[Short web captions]
###

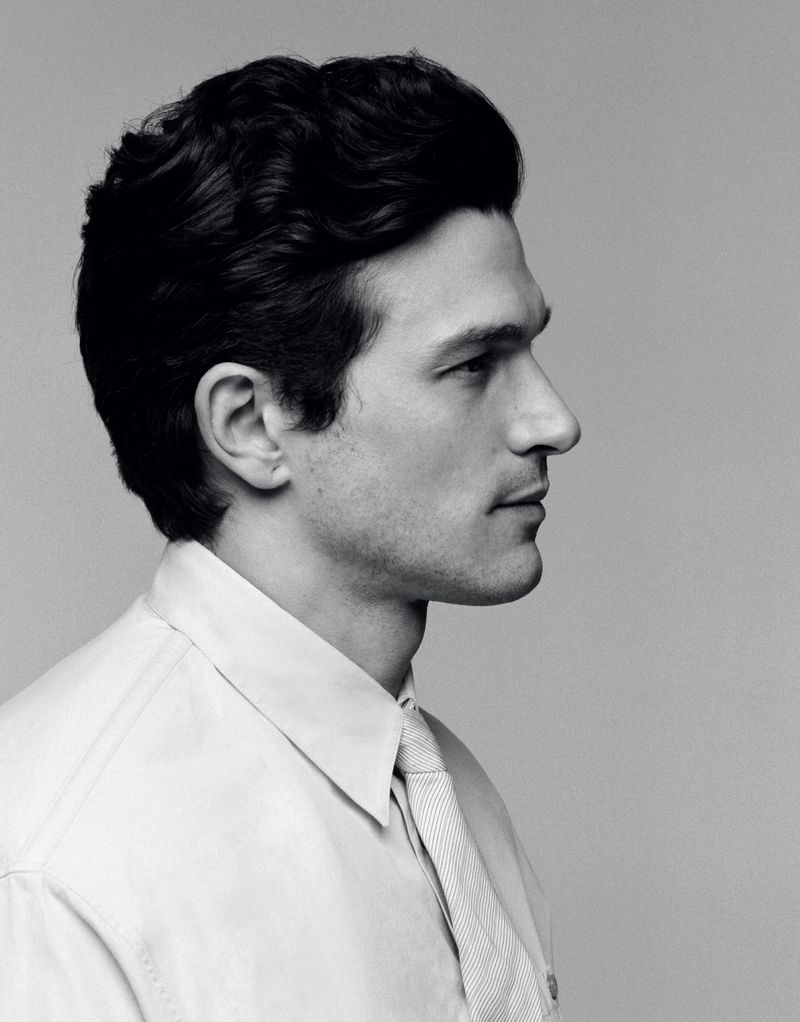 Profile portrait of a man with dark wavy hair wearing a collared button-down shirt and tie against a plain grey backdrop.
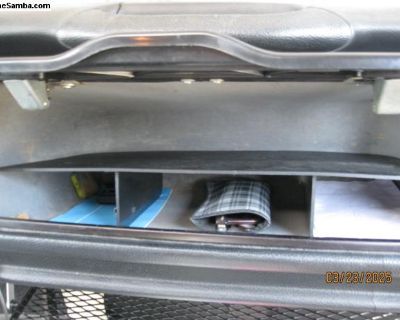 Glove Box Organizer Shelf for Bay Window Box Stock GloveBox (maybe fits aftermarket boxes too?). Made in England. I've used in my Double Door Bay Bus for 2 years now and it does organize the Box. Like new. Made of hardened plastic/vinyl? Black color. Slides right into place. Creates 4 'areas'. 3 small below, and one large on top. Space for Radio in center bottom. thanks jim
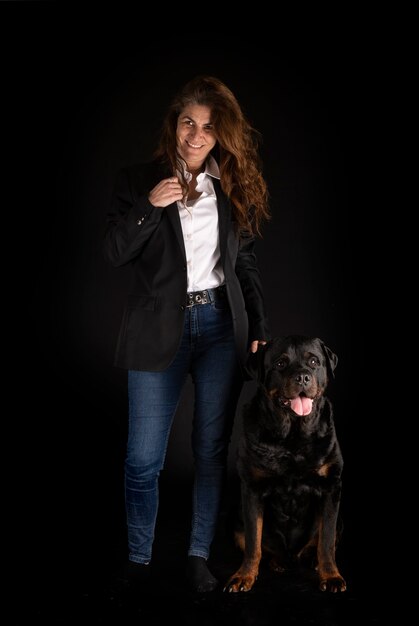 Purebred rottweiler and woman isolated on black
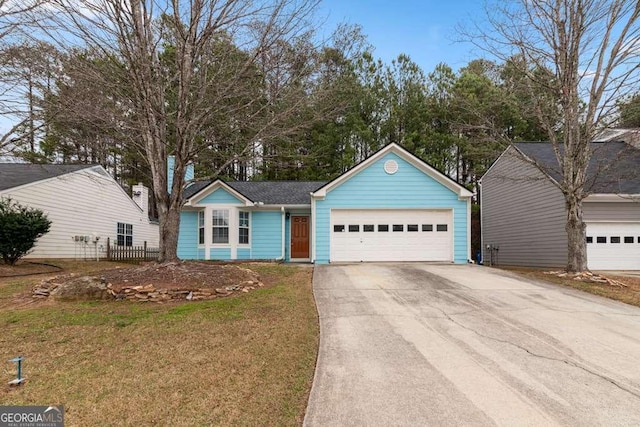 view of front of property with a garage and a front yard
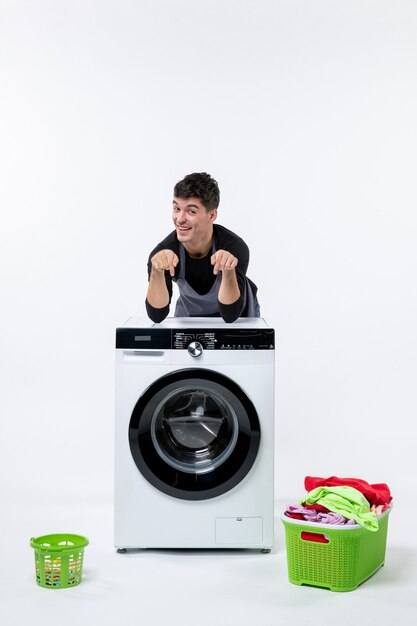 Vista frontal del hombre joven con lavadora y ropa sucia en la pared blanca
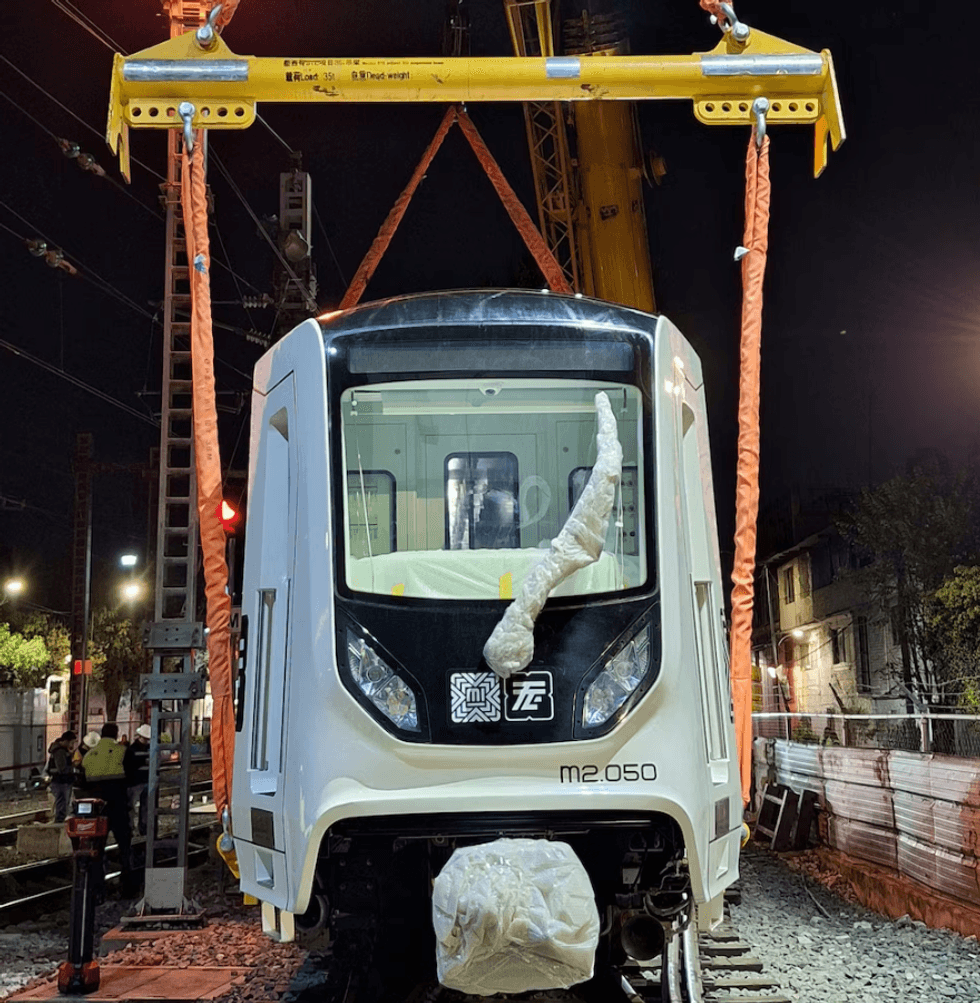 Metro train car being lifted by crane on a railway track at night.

###

ABOUT THIS EXERCISE =>
Pictures are to be left out, while the records are copied word for word.

WRITTEN RESPONSE =>
 Profile portrait of a man with dark wavy hair wearing a collared button-down shirt and tie against a plain grey backdrop.
 Glove Box Organizer Shelf for Bay Window Box Stock GloveBox (maybe fits aftermarket boxes too?). Made in England. I've used in my Double Door Bay Bus for 2 years now and it does organize the Box. Like new. Made of hardened plastic/vinyl? Black color. Slides right into place. Creates 4 'areas'. 3 small below, and one large on top. Space for Radio in center bottom. thanks jim
 Purebred rottweiler and woman isolated on black
 view of front of property with a garage and a front yard
 Vista frontal del hombre joven con lavadora y ropa sucia en la pared blanca
 Metro train car being lifted by crane on a railway track at night.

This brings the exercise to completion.